Uma versão original do novo sistema operacional da Microsoft, o Windows Vista, custa em média R$ 590,00 no mercado brasileiro, valor que torna inviável a compra para a maioria dos usuários. A solução mais acertada seria optar por um sistema operacional gratuito, como o Linux. No entanto o apelo comercial da Microsoft é tão forte que ainda há quem desconheça essa possibilidade. O fato é que grande parte dos usuários domésticos no Brasil usa cópias piratas do Windows.
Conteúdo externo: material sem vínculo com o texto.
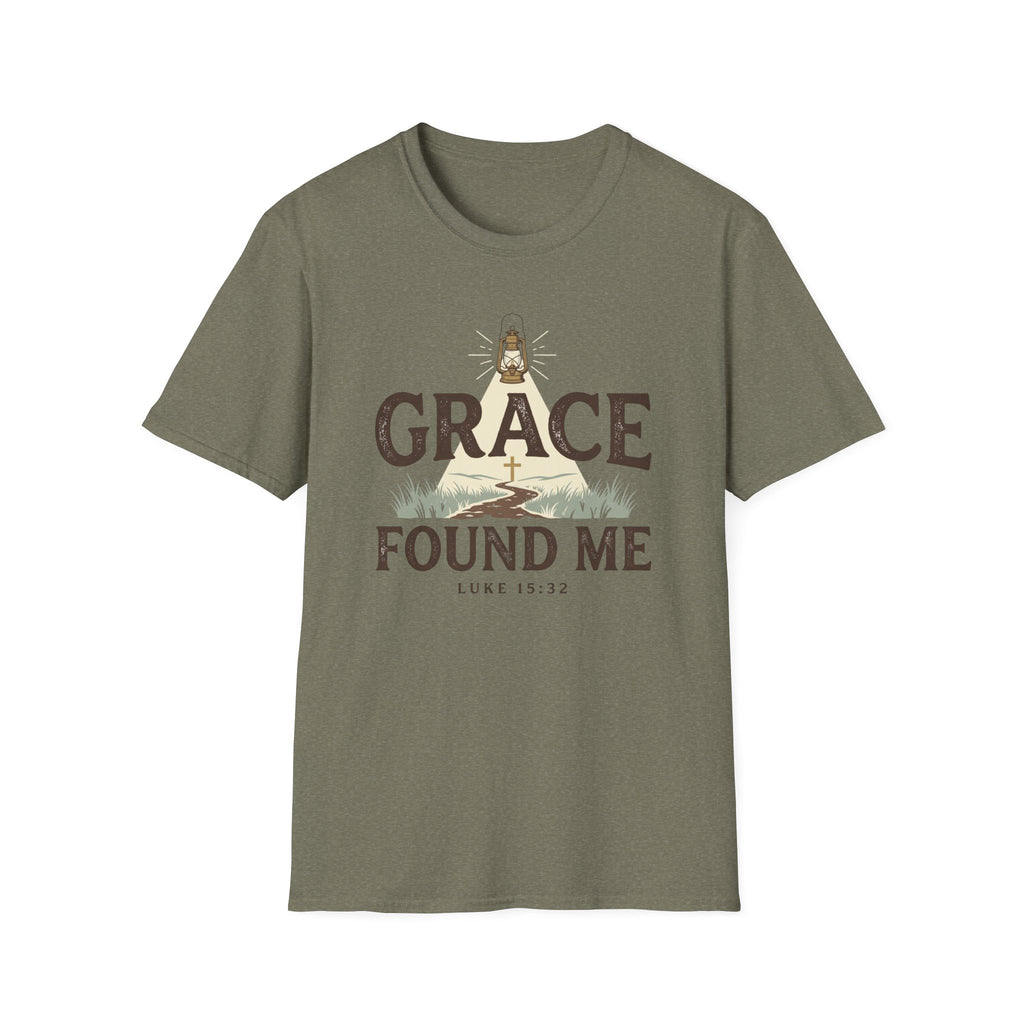 Grace Found Me T-Shirt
Na tentativa de acabar com o problema, a Microsoft pretende lançar um novo pacote de atualização que identifica cópias piratas quando instalado e reduz a funcionalidade do sistema, impossibilitando o uso de determinados recursos. Caso a cópia não seja validada no prazo determinado, o sistema deixa de funcionar completamente. Essa prática já vem sendo adotada desde o Windows XP, versão anterior do software. Um porta-voz da empresa afirmou que a medida antipirataria está sendo preparada na forma de uma atualização do Windows Genuine Advantage (WGA). Segundo a Microsoft, a nova Plataforma de Proteção de Software (PPS) embutida no Windows Vista detecta versões piratas e desabilita recursos avançados.
Embora tenha havido rumores de que a atualização seria lançada ainda no mês de Setembro, a empresa nega e diz que “um anúncio sobre o prazo para esta atualização será feito oportunamente”.